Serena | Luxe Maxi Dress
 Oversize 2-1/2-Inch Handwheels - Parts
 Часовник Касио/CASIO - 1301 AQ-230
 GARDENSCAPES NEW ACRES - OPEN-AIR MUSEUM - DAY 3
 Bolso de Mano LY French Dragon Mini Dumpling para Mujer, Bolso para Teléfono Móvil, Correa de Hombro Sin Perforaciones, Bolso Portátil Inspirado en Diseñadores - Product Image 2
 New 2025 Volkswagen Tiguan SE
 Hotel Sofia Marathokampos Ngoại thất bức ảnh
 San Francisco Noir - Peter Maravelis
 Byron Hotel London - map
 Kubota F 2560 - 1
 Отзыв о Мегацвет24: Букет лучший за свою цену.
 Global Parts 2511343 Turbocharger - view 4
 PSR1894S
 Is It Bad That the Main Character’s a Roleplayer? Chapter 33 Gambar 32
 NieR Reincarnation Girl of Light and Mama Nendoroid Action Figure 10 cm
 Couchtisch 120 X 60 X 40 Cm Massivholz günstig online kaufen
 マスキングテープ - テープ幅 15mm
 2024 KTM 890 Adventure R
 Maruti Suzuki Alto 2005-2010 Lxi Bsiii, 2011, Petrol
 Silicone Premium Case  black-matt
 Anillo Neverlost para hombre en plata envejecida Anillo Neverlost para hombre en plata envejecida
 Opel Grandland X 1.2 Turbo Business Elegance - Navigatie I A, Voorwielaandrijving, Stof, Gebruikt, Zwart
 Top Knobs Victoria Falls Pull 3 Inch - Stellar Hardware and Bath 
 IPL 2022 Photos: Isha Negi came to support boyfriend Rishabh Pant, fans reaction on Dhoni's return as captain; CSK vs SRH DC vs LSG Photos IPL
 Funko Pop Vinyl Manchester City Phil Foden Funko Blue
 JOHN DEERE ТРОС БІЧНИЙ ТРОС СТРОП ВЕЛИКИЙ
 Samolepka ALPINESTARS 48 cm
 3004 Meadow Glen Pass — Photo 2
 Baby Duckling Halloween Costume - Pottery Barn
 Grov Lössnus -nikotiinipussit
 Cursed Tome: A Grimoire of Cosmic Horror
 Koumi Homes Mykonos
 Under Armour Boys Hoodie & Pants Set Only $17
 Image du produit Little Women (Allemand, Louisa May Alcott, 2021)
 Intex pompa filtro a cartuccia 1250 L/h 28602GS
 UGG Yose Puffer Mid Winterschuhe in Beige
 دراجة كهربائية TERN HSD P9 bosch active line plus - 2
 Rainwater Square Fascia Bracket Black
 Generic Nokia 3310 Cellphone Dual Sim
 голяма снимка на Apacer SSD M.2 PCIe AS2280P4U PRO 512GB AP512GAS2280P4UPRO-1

☆ ☆ ☆ ☆ ☆

_EXERCISE_
Your reply should be all of the data, returned exactly.

_RESPONSE BOX_
Serena | Luxe Maxi Dress
 Oversize 2-1/2-Inch Handwheels - Parts
 Часовник Касио/CASIO - 1301 AQ-230
 GARDENSCAPES NEW ACRES - OPEN-AIR MUSEUM - DAY 3
 Bolso de Mano LY French Dragon Mini Dumpling para Mujer, Bolso para Teléfono Móvil, Correa de Hombro Sin Perforaciones, Bolso Portátil Inspirado en Diseñadores - Product Image 2
 New 2025 Volkswagen Tiguan SE
 Hotel Sofia Marathokampos Ngoại thất bức ảnh
 San Francisco Noir - Peter Maravelis
 Byron Hotel London - map
 Kubota F 2560 - 1
 Отзыв о Мегацвет24: Букет лучший за свою цену.
 Global Parts 2511343 Turbocharger - view 4
 PSR1894S
 Is It Bad That the Main Character’s a Roleplayer? Chapter 33 Gambar 32
 NieR Reincarnation Girl of Light and Mama Nendoroid Action Figure 10 cm
 Couchtisch 120 X 60 X 40 Cm Massivholz günstig online kaufen
 マスキングテープ - テープ幅 15mm
 2024 KTM 890 Adventure R
 Maruti Suzuki Alto 2005-2010 Lxi Bsiii, 2011, Petrol
 Silicone Premium Case  black-matt
 Anillo Neverlost para hombre en plata envejecida Anillo Neverlost para hombre en plata envejecida
 Opel Grandland X 1.2 Turbo Business Elegance - Navigatie I A, Voorwielaandrijving, Stof, Gebruikt, Zwart
 Top Knobs Victoria Falls Pull 3 Inch - Stellar Hardware and Bath 
 IPL 2022 Photos: Isha Negi came to support boyfriend Rishabh Pant, fans reaction on Dhoni's return as captain; CSK vs SRH DC vs LSG Photos IPL
 Funko Pop Vinyl Manchester City Phil Foden Funko Blue
 JOHN DEERE ТРОС БІЧНИЙ ТРОС СТРОП ВЕЛИКИЙ
 Samolepka ALPINESTARS 48 cm
 3004 Meadow Glen Pass — Photo 2
 Baby Duckling Halloween Costume - Pottery Barn
 Grov Lössnus -nikotiinipussit
 Cursed Tome: A Grimoire of Cosmic Horror
 Koumi Homes Mykonos
 Under Armour Boys Hoodie & Pants Set Only $17
 Image du produit Little Women (Allemand, Louisa May Alcott, 2021)
 Intex pompa filtro a cartuccia 1250 L/h 28602GS
 UGG Yose Puffer Mid Winterschuhe in Beige
 دراجة كهربائية TERN HSD P9 bosch active line plus - 2
 Rainwater Square Fascia Bracket Black
 Generic Nokia 3310 Cellphone Dual Sim
 голяма снимка на Apacer SSD M.2 PCIe AS2280P4U PRO 512GB AP512GAS2280P4UPRO-1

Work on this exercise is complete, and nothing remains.